Farmworkers (trabajadores del campo) dot the landscape. Handkerchiefs cover necks and faces to protect them from the sun and sometimes chemical sprays, leaving only eyes exposed. Their hands are stained strawberry red from picking. Workers move together as a loose unit, carrying cardboard flats while hurriedly picking berries and placing them in baskets. Their knees are bent, their backs are hunched over, and their eyes watch the ground, three seconds ahead of their hands. They work through furrows with quick, bursting motions – pick, pick, pick, place strawberries in basket, push cart forward, pick, pick, pick, pick, pick, place strawberries in basket, push metal cart forward, pick, pick, place strawberries in basket, close plastic lid of basket, pick, pick, pick, pick, pick, put strawberries in next basket, push cart forward. They move faster than I could have imagined. Practically running through rows, one worker fills twelve strawberry baskets in four minutes and twelve seconds.
I can attest to the demands of picking. Though I have some experience working on farms, I am unprepared for the demands of commercial harvesting. It requires technique that I lack. My attempts to swiftly remove strawberries from their host plants accidentally rip their calyxes. I smush strawberry after strawberry between my thumb, fore, and middle finger. I find moving for an extended period of time while bending over between rows of plants challenging and painful. I squat and waddle through the rows, and erratically push my metal cart ahead of my body inches at a time. Learning about what leads people to farm work and how they got here is heartbreaking. One woman, Marta (a pseudonym) asks where I am from, how I traveled to California, how many hours my flight was, how much my ticket cost, and how I purchased it.

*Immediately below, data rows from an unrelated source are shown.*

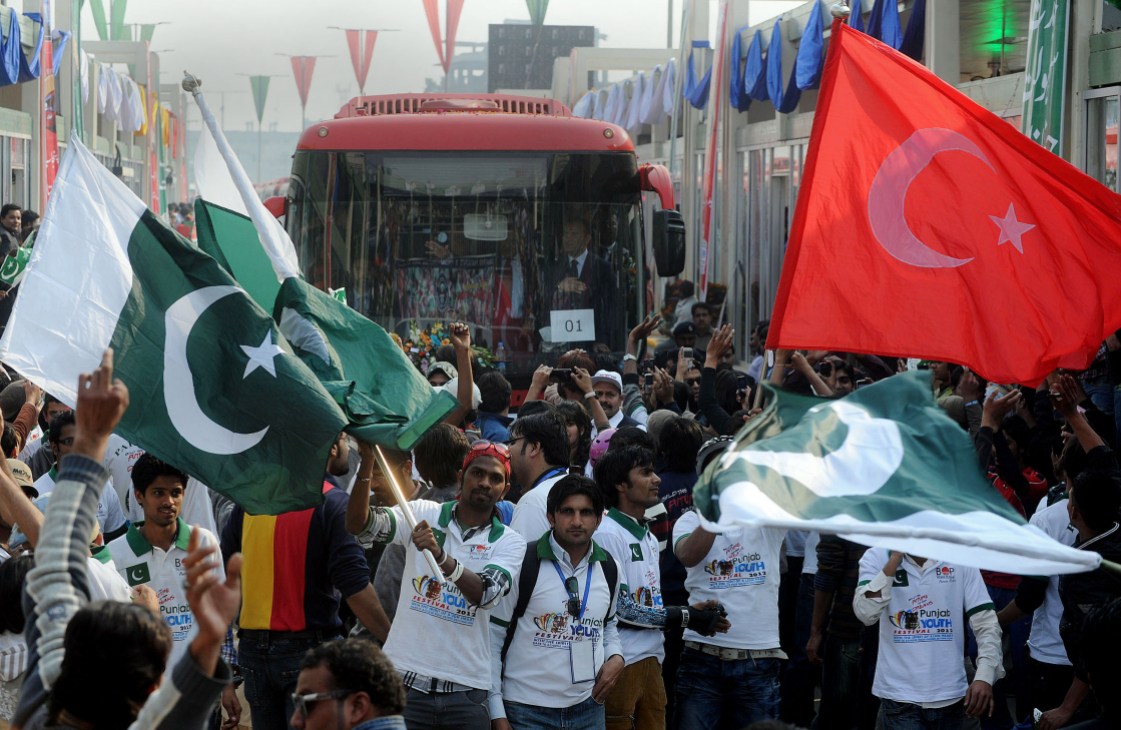 Crowd of Pakistani youth waving Pakistani and Turkish flags at a public gathering in an urban street.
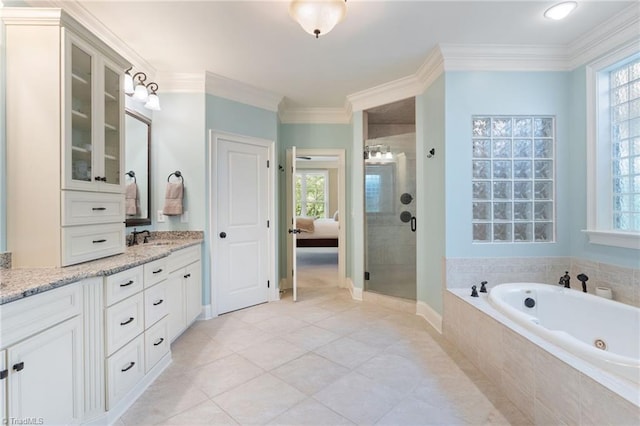 5459 Brookberry Farm Rd, Winston-Salem, NC 27106 - ensuite bathroom featuring a garden tub, vanity, a shower stall, crown molding, and tile patterned flooring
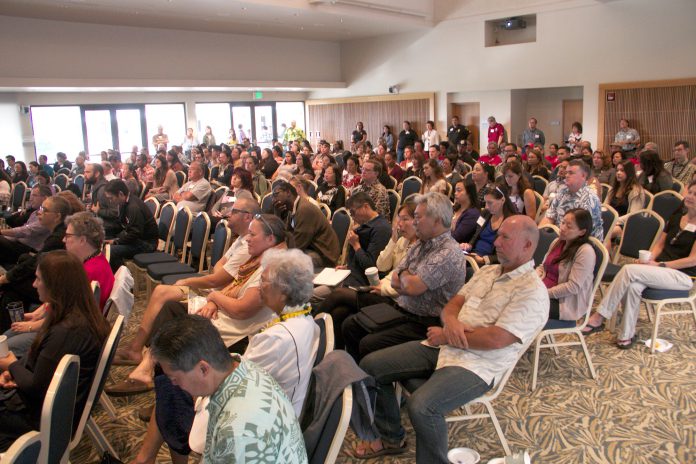 An audience of UH West Oʻahu faculty and staff listen to a presentation.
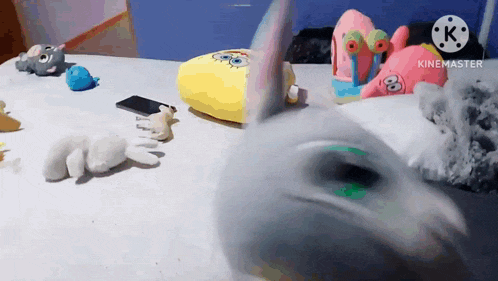 a bunch of stuffed animals are on a bed including a spongebob pillow
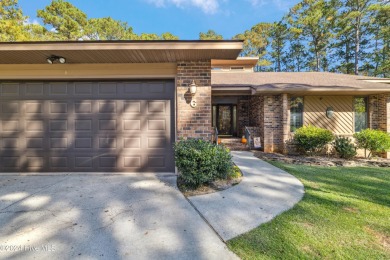 Beautiful custom-built coastal retreat that offers rare privacy on Carolina Shores Golf Course in North Carolina - for sale on GolfHomes.com, golf home, golf lot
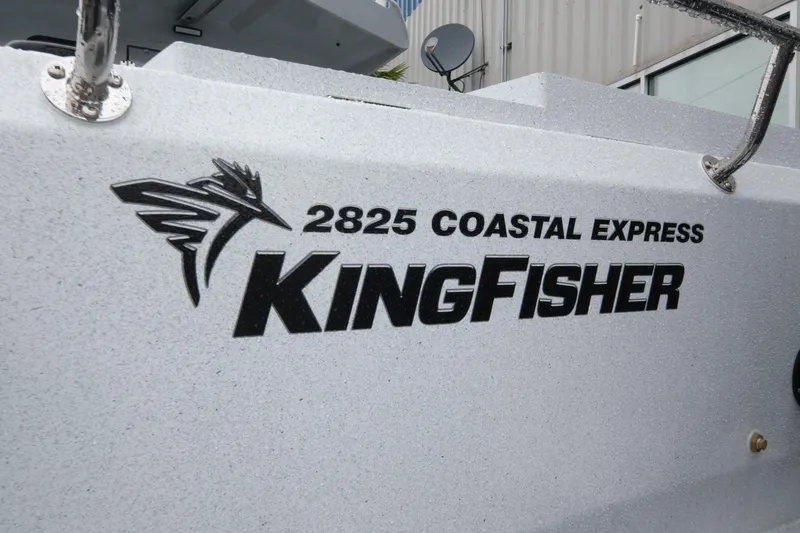 Slide: The Image of 2026 KingFisher 2825 Coastal Express boat logo on a textured surface. - 6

When I asked Marta these same questions, she told me she is from a town near Oaxaca, México and came to California by plane, plus three days straight walking, and finally by car. She is here picking berries, she said, because there is no other way to feed her family, but she wants to return home soon. I can only imagine living with long hours of hard labor day after day, the physical wear and tear of repetitive physical work, and the constant mental strain of seasonal job insecurity.
A newbie to commercial picking, I am aware that I increased the farm’s liability, had poor quality control, and was an inefficient source of labor. I appreciated this farm’s transparent practices and willingness to allow me work for a day, a request most large-scale farms would not honor. My short time working alongside farmworkers offered a window – not a complete picture – of where strawberries come from and about those who pick them. The full picture will be hard to uncover.
Vera Chang: I am excited to be the West Coast Fellow for Bon Appétit Management Company and part of a company that seeks to know the truth, works to find real solutions to injustices, and makes farmworkers’ realities visible to the American public. As I sit here and type, I go back to the website’s picturesque farmland and strawberry shaped hot air balloon. In the real world, there are people working quickly in the fields. I know there is not a moment to lose.